Discussing with Pascal and Michael, we would like to know if you think that
unaware-leaves draft should be normative in useofrplinfo.

Please find below some discussion points:

The RUL draft introduces a new beast to the RPL family, a
“Leaf-that-does-not-speak-RFC-6550“ but can now attach to the network and
benefit from special forwarding rules, provided that it implements the RUL
draft and some dependencies listed therein. Use-Of-RPL-Info aligned to the
WIP but there’s still a risk if it is published too soon that it is not
100% aligned. The misalignment we noted is mostly a terminology thing: is a
RUL a “Leaf-that-does-not-speak-RFC-6550“, or should we carry additional
meaning like support of the RUL draft and/or the dependencies.

The behavior for a RUL in Use-Of-RPL-Info world for the is correct but it
could apply to a slightly wider definition of a RUL than what the RUL draft
considers. E.g., a node that 1) does not implement the RUL draft and even
RFC 8505, but 2) never moves (tethered to the router or embedded therein),
could also attach to a RPL network provided that the router does a new set
of things, like handles the sequence counter and  stuff, and there could be
tons of variations of that guy e.g.,  whether that guy could provide an
“opaque” RPL-aware RPLinstanceID though it does not speak RFC 6550. The
description of the operation of a RUL in Use-Of-RPL-Info would work for
that guy as well, but that operation is not defined. IOW that guy is does
not (yet) belong to the RPL family, and will hopefully never do, because
the original 6LoWPAN ND is obsoleted by RFC 8505, so why not just do that?

To maximize the coverage of Use-Of-RPL-Info, we should need to include that
guy in the generic “RUL” definition. I’m not too interested in defining all
the variations of “that guy” and even less to give a name to all the
variations, and/or ensure that it could be doable to do RPL on their behalf
based on new hypothetic features in the router. Personally I’m happy enough
if the RUL that the Use-Of-RPL-Info describes has a scope that is reduced
to nodes that obey the RUL draft, because they are the only ones for which
we have a defined behavior in the router.
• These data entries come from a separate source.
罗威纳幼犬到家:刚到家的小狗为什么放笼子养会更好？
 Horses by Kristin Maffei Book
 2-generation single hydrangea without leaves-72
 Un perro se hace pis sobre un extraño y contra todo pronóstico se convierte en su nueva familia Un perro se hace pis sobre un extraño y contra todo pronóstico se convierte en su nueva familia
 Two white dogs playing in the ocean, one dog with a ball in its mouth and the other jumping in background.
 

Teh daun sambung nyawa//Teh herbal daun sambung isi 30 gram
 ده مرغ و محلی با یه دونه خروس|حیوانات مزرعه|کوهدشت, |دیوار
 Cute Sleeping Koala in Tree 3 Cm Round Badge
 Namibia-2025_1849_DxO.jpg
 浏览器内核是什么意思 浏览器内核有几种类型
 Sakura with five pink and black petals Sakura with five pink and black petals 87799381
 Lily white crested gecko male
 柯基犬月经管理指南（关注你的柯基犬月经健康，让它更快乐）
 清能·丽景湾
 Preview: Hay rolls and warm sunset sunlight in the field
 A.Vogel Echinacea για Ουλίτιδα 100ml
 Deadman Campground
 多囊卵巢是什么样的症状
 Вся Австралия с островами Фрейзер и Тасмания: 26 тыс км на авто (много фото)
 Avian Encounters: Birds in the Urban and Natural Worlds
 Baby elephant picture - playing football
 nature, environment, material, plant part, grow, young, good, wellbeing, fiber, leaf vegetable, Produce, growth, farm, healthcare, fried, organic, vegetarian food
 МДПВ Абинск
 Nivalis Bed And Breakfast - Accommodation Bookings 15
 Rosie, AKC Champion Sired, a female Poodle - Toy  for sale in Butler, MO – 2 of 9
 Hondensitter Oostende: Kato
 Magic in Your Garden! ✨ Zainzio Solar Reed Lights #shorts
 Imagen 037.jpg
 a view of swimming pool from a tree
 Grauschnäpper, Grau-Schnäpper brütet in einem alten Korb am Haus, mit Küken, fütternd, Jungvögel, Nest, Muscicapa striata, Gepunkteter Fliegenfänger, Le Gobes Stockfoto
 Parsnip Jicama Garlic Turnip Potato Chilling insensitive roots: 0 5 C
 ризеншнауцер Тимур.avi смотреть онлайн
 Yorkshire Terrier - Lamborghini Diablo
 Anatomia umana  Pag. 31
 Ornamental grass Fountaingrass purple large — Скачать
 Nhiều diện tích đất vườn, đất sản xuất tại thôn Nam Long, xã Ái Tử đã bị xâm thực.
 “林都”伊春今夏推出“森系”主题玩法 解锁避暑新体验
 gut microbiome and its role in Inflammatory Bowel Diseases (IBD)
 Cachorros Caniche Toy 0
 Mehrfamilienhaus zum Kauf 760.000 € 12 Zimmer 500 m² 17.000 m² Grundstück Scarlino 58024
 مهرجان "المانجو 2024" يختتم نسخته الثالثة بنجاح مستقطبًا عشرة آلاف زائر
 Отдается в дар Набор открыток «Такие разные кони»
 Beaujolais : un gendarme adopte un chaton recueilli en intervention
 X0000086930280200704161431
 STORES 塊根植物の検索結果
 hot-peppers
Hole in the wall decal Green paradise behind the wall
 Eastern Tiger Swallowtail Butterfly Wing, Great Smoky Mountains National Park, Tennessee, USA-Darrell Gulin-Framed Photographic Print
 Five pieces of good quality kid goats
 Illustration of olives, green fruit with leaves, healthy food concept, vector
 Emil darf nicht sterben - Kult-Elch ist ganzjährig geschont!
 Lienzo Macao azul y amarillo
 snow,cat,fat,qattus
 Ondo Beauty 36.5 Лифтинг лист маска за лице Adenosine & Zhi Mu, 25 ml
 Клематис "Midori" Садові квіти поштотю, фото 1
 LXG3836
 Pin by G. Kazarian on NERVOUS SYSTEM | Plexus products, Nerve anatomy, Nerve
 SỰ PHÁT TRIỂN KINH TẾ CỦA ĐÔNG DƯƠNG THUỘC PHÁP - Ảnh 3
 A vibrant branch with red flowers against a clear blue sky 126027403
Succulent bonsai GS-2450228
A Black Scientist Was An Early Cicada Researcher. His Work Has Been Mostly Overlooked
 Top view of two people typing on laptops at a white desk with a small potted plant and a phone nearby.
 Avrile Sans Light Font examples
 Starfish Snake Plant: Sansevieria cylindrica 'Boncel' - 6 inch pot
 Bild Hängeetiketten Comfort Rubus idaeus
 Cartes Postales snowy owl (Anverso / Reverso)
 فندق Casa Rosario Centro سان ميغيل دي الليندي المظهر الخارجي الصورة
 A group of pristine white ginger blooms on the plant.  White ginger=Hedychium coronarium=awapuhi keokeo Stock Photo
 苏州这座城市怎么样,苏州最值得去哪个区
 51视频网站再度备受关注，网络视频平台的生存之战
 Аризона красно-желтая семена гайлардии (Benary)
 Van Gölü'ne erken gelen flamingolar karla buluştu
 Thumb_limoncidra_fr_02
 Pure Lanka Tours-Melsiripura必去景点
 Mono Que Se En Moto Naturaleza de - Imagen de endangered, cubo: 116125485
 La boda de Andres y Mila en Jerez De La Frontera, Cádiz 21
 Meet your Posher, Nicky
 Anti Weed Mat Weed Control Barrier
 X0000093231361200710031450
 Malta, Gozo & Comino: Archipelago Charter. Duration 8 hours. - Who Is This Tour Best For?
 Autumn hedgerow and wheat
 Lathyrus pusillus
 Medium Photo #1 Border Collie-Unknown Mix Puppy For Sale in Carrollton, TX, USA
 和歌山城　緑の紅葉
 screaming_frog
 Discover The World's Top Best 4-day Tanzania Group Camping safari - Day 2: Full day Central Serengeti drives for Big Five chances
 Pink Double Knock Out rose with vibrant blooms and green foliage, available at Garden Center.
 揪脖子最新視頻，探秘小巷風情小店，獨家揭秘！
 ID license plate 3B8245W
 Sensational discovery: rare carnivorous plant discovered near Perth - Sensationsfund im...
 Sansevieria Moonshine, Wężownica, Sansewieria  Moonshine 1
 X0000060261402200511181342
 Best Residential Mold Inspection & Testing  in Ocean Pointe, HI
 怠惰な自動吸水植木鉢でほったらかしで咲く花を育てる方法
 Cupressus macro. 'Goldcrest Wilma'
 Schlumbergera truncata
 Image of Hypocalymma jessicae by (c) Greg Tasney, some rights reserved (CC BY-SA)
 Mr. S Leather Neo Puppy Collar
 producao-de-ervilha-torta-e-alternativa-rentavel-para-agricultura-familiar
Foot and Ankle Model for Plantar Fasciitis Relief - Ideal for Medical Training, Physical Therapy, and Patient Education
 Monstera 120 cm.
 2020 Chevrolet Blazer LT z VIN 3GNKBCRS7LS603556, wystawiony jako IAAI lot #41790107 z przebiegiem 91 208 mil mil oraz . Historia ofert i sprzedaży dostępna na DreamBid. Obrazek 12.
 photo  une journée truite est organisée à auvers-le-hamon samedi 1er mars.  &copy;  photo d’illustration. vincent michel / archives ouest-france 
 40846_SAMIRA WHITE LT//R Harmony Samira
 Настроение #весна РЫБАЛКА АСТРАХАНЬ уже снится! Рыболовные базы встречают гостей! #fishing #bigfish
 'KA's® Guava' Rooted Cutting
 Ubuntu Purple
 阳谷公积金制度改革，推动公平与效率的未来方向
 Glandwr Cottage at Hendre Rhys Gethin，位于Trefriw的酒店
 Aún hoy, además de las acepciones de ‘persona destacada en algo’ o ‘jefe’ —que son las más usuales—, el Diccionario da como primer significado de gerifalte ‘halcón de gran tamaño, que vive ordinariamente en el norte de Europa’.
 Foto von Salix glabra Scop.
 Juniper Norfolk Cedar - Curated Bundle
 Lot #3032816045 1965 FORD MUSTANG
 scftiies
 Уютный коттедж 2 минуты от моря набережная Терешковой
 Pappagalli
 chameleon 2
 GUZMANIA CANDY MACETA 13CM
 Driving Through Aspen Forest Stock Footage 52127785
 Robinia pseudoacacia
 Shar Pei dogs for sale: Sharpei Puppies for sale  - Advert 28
Thus the proposal to make the RUL
draft a normative reference and live a few months with a missref.

Changes were done in the RUL draft to ensure that the operation described
for a RUL in Use-Of-RPL-Info is compatible with the new beast that the RUL
draft considers, making the new beast a subset of the RUL considered by
Use-Of-RPL-Info. Because when the doc became WG doc a RUL was any sort of
external route. the doc made it more specific. The price to pay was to
introduce a different behavior for the RUL and other “external
destinations”. As the text was changed for other “external destinations”
indicating e.g., the need to route via the parent and thus to use
Non-Storing signaling.

Then that text was stripped off the RUL draft and placed it in the
Use-Of-RPL-Info because it was really text on the forwarding behavior,
which is different if some assumptions cannot be made on the external
destination (need to encaps to the parent when it is not necessarily needed
for a RUL). That new text also fills a gap in Use-Of-RPL-Info and is
completely localized in a  new section. the  text was moved about routing
from the RUL draft to that section. Since it is not published yet, please
find that text inline below:


4.1. Updates to RFC6550: Advertise External Routes with Non-Storing

Mode Signaling.

Section 6.7.8. of [RFC6550] introduces the 'E' flag that is set to

indicate that the 6LR that generates the DAO redistributes external

targets into the RPL network. An external Target is a Target that

has been learned through an alternate protocol, for instance a route

to a prefix that is outside the RPL domain but reachable via a 6LR.

Being outside of the RPL domain, a node that is reached via an

external target cannot be guaranteed to ignore the RPL artifacts and

cannot be expected to process the [RFC8138] compression correctly.

This means that the RPL artifacts should be contained in an IP-in-IP

encapsulation that is removed by the 6LR, and that any remaining

compression should be expanded by the 6LR before it forwards a packet

outside the RPL domain.

This specification updates RPL [RFC6550] to RECOMMEND that external

targets are advertised using Non-Storing Mode signaling even in a

Storing-Mode network. This way, all packets to an external target

reach the Root that can encapsulate them, and the Root is informed of

the address of the 6LR that terminates the IP-in-IP tunnel. In case

of an external target, the Root SHOULD use the same IP-in-IP

encapsulation for packets that it generates or that are originated

within the RPL domain as if the packets were coming from the


A RUL is a special case of external target when the target is

actually a host and it is known to support a consumed Routing Header

and to ignore a HbH header as prescribed by [RFC8200]. The target

may have been learned through as a host route or may have been

registered to the 6LR using [RFC8505]. IP-in-IP encapsulation MAY be

avoided for Root to RUL communication if the RUL is known to process

the packets as forwarded by the parent 6LR without decapsulation.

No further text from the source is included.